The federal government has announced a $100M investment in Indigenous health research, which it says is the largest investment of its kind in Canada. Announced this week at the University of Victoria, the funds will come through the Canadian Institutes of Health Research over 16 years, starting this September. Canada Health Minister Ginette Petitpas Taylor says that the investment represents "reconciliation in health." The funding will help establish a national network of centres focused on research, development, and knowledge translation for Indigenous health. “This is such an amazing opportunity for communities to take leadership in the conduct of health research that ultimately will benefit them," said UVic Indigenous health researcher and professor Charlotte Loppie. CTV News (BC)

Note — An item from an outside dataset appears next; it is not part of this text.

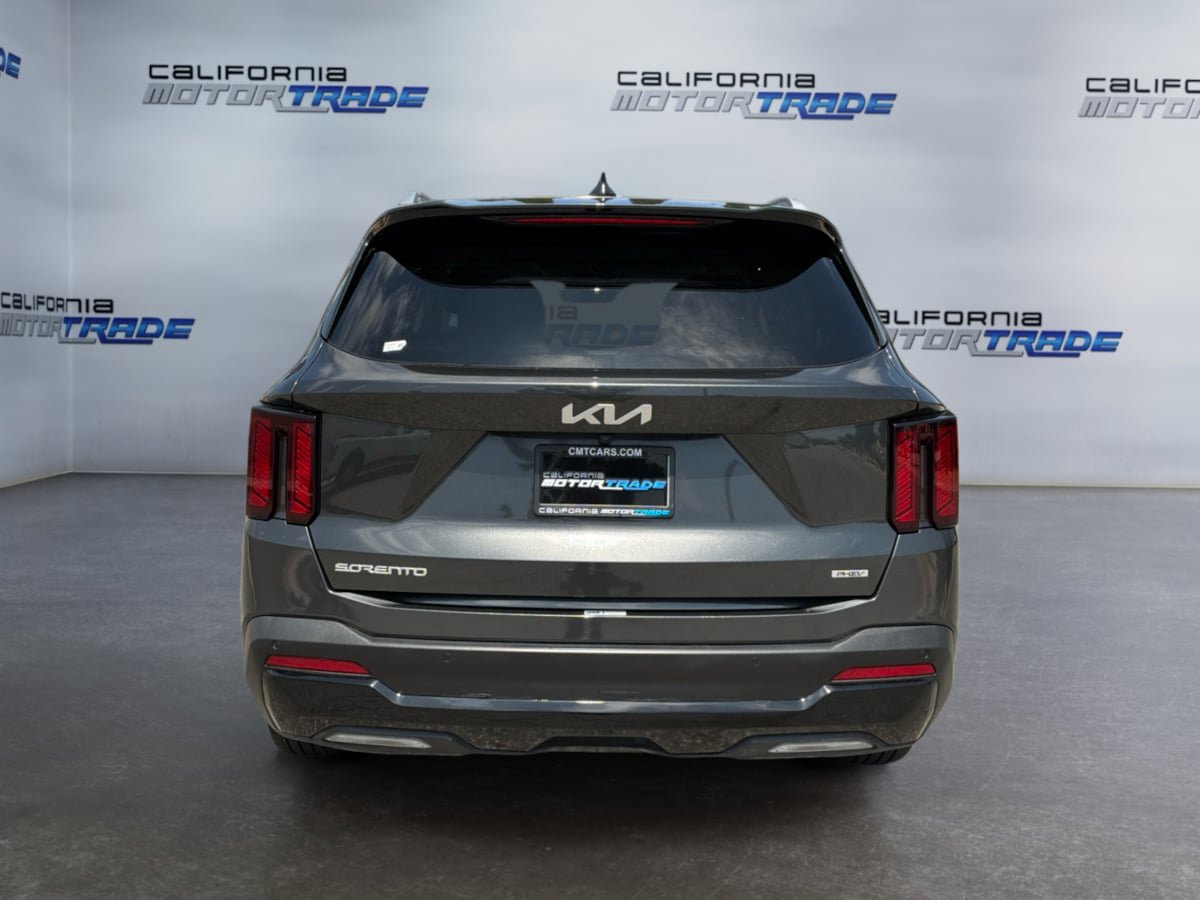 Used 2025 Kia Sorento EX w/ EX Panoramic Sunroof Package AWD/4WD image 6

Algonquin, George Brown partner to redefine Canadian College research landscape

Algonquin College and George Brown College have established a research alliance that will “explore new ways to collaborate and redefine the Canadian College research landscape.” The two parties will explore the opportunities to share resources, develop best practices, and enhance applied research across the region. The colleges also state that they will align their centres of excellence to build on each other’s strengths and minimize competing interests. “The George Brown-Algonquin partnership will better position both of our institutions as catalysts of Canadian innovation, leading to high-quality, high-impact outcomes for industry and the communities that we serve," explained George Brown Vice President, Strategy & Innovation Rick Huijbregts. George Brown | Algonquin (ON)

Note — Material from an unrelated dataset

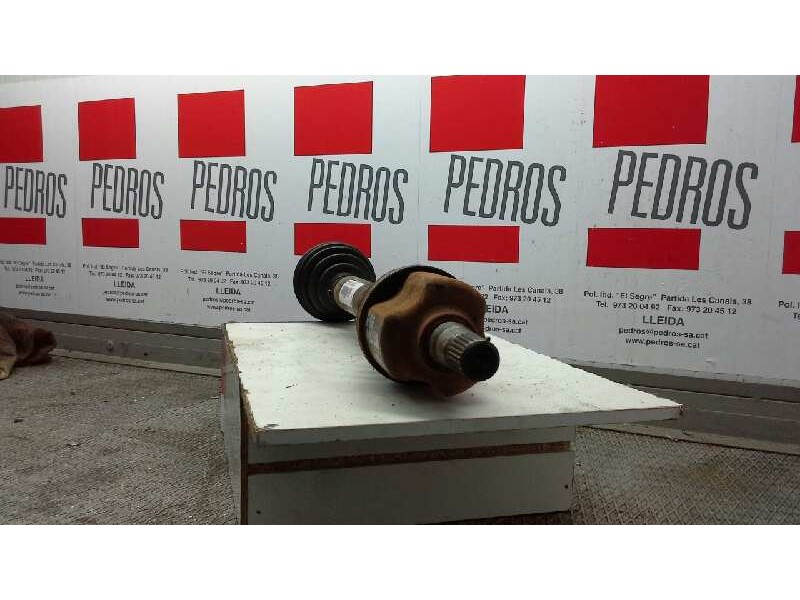 Recambio de transmision delantera izquierda para renault vel satis (bj0) 3.0 v6 dci turbodiesel cat referencia OEM IAM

Sainte-Anne's campus to be renovated, modernized with Canada, NS support

The Université Sainte-Anne's Pointe-de-l'Église campus has received a combined $1M from the Government of Nova Scotia and Government of Canada for the renovation and modernization of the Gustave-Blanche Building. The heritage building will be renovating its roof, windows, and exterior cladding, as well as modernizing parts of the building’s interior. “This funding will allow us to restore and highlight the heritage value of the Gustave-Blanche Building, an iconic building of our university,” said Sainté-Anne Rector Allister Surette. “It will meet our needs for many years to come and help us maintain our presence in the community—a key priority of Université Sainte-Anne’s strategic plan.” Canada (NS)

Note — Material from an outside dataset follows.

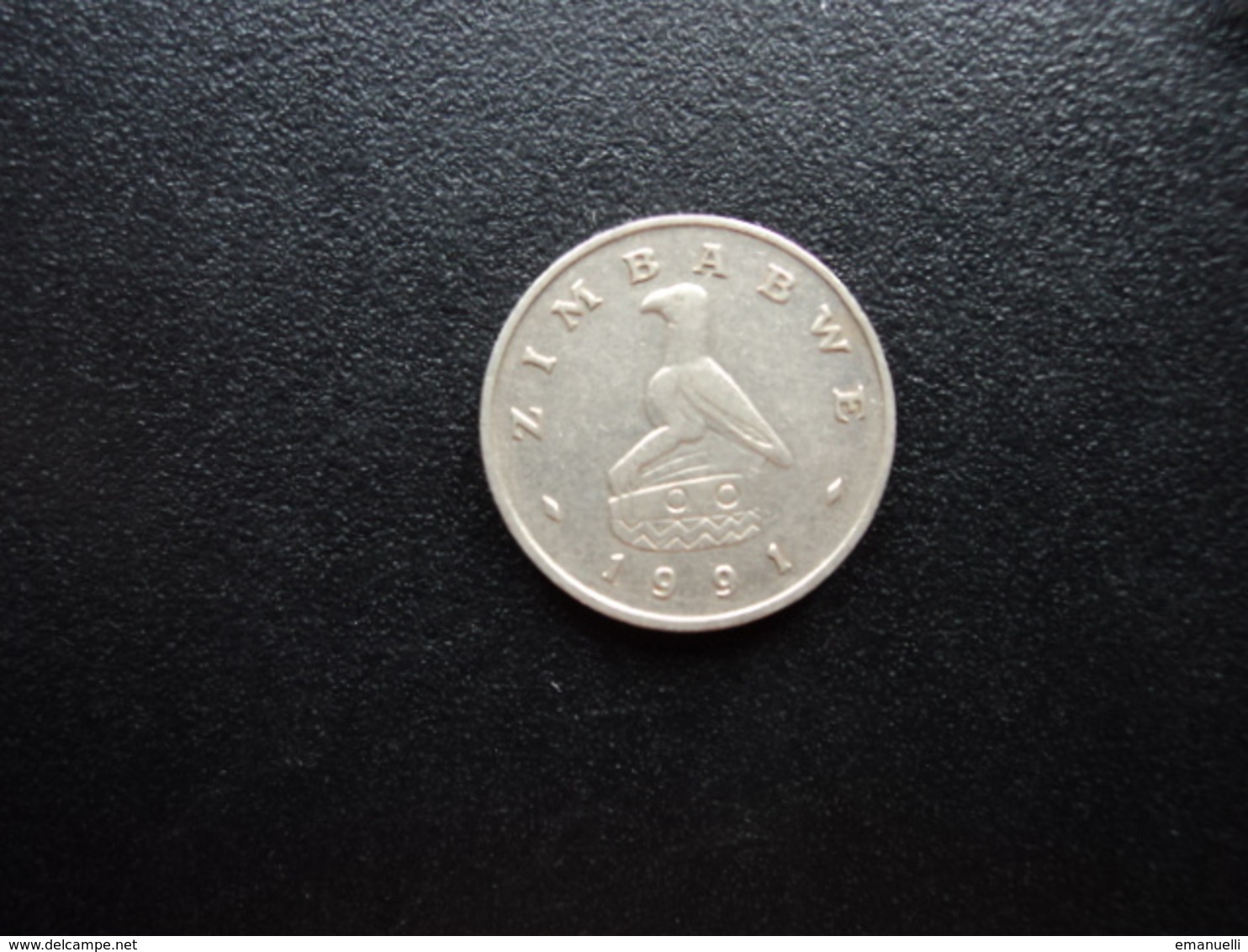 ZIMBABWE : 5 CENTS  1991    KM 2    SUP - Zimbabwe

Arrests, damage at URegina residence stem from stressful conditions experienced by evacuees

Four people have been arrested in connection with incidents at the University of Regina, where some of the 420 evacuees from the Pikangikum First Nation have been housed during fire activity around the remote Ojibwe community in Ontario. The fighting reportedly occurred between evacuees, who are under “significant duress” as they adjust to trying conditions. No members of the public or university community were involved. “These individuals are under a great deal of stress,” said Saskatchewan Public Safety Agenc Vice-president Duane McKay. “We have a deep appreciation for the level of effort that we’ve seen, especially from the University of Regina, who has opened the doors to these people and allowed us to assist as well." The costs associated with the damage, as well as with response and hosting, will be billed to the Government of Ontario and Government of Canada. Star Phoenix (SK)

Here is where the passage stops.